(Record excerpts)

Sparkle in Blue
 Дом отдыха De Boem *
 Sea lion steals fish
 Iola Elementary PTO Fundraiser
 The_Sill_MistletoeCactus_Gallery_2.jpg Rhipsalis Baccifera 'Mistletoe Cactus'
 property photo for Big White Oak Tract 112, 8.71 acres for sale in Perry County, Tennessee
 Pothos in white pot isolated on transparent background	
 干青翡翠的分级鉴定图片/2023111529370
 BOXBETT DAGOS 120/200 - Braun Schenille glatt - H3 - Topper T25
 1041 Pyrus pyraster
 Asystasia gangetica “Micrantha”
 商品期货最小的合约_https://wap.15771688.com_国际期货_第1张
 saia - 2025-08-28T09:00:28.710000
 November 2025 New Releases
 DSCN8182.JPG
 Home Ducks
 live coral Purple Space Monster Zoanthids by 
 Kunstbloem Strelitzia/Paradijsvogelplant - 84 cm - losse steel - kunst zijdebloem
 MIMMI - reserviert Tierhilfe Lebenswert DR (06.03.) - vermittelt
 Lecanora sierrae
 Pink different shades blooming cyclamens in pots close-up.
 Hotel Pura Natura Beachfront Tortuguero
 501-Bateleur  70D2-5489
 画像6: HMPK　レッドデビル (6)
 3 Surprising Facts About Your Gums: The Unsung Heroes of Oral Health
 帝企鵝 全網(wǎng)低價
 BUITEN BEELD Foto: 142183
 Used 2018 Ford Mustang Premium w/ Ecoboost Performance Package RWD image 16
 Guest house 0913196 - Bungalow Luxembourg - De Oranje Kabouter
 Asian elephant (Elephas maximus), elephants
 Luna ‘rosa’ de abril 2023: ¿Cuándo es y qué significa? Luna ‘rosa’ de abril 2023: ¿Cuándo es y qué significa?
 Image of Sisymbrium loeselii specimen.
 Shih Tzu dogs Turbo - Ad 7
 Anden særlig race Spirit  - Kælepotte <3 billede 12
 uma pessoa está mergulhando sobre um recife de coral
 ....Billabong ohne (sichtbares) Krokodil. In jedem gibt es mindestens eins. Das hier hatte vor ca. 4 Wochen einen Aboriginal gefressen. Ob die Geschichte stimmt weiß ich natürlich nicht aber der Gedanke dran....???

(End Record excerpts)

Looking at the data above, write out exactly the lines that start at the one containing "Hotel Pura Natura Beachfront Tortuguero" and end at the one containing "uma pessoa está"; include both and nothing beyond.

 Hotel Pura Natura Beachfront Tortuguero
 501-Bateleur  70D2-5489
 画像6: HMPK　レッドデビル (6)
 3 Surprising Facts About Your Gums: The Unsung Heroes of Oral Health
 帝企鵝 全網(wǎng)低價
 BUITEN BEELD Foto: 142183
 Used 2018 Ford Mustang Premium w/ Ecoboost Performance Package RWD image 16
 Guest house 0913196 - Bungalow Luxembourg - De Oranje Kabouter
 Asian elephant (Elephas maximus), elephants
 Luna ‘rosa’ de abril 2023: ¿Cuándo es y qué significa? Luna ‘rosa’ de abril 2023: ¿Cuándo es y qué significa?
 Image of Sisymbrium loeselii specimen.
 Shih Tzu dogs Turbo - Ad 7
 Anden særlig race Spirit  - Kælepotte <3 billede 12
 uma pessoa está mergulhando sobre um recife de coral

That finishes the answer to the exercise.